1. The SOR was issued under the authority of Executive Order 10865 (as amended by Executive Orders 10909, 11328, and 12829) and Department of Defense Directive 5220.6 (Directive), dated January 2, 1992 (as amended by Change 4).
2. Specifically, the three documents are the U.S. State Department's Background Note: South Korea, dated February 2005; extracts from the National Counterintelligence Center's Annual Report to Congress on Foreign Economic Collection and Industrial Espionage 2000; and a report on the Defense Personnel Security Research Center's Espionage Database Project entitled Espionage by the Numbers: A Statistical Overview.
3. On his security clearance application (SF 86) executed May 27, 2003, Applicant indicated his mother has South Korean citizenship while his father is a U.S. naturalized citizen. (Ex. 1) However, in his Answer and at his hearing, Applicant indicated, not controverted by the government, that both his parents are U.S. citizens. (See Tr. 69) It is not clear when his mother became a U.S. naturalized citizen.

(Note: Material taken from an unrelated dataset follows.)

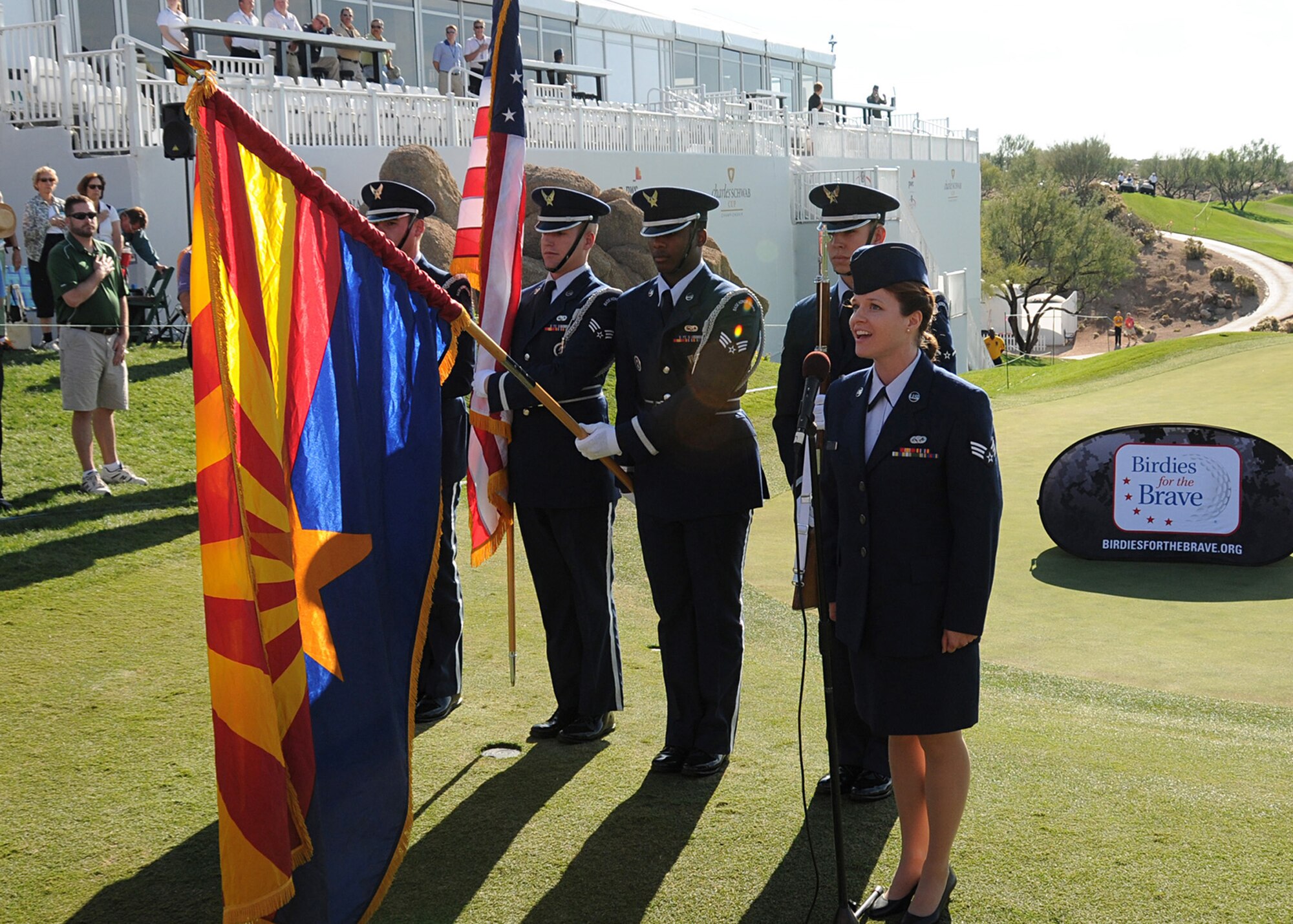 Senior Airman Melinda Charlton and the Luke Air Force Base Honor Guard open up Military Appreciation Day with the Star Spangled Banner and presentation of the Colors for the Charles Schwab Cup Championship Saturday, Nov. 3rd in Scottsdale, Ariz. (U.S. Air Force Photo by Staff Sgt. Josh Nason)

4. Applicant is not certain of his sister's current occupation. The last time he talked to her, she was teaching English. Applicant does not know what her spouse does for a living. (Tr. 39)
5. In his Answer, Applicant indicated he has not spoken to his uncles in South Korea "since he got married in 2001." The evidence of record is that Applicant married in 2000. It is not clear whether Applicant had any contact with these uncles when he went to South Korea in August 2001.
6. See MC E2.A2.1.3.1. A determination that the immediate family members(s), (spouse, father, mother, sons, daughters, brothers, sisters) cohabitant, or associate(s) in question are not agents of a foreign power or in a position to be exploited by a foreign power in a way that could force the individual to choose between loyalty to the person(s) involved and the United States. The mitigating condition is bifurcated in nature ["A determination that the immediate family member(s). . . are not agents of a foreign power or in a position to be exploited by a foreign power. . . ."]. To construe the conjunction "or" as "and" would be against the plain language. While MC E2.A2.1.3.1. can be applied if an applicant satisfies only one of the two parts, a given adjudicative condition (either disqualifying or mitigating) cannot be read in such a way to be inconsistent with other adjudicative conditions. Under Guideline B, if foreign relations, who are not government agents or employees, are in a position to be exploited then MC E2.A2.1.3.1. does not mitigate the foreign influence concerns.
7. See the National Counterintelligence Center's Annual Report to Congress on Foreign Economic Collection and Industrial Espionage for 2000.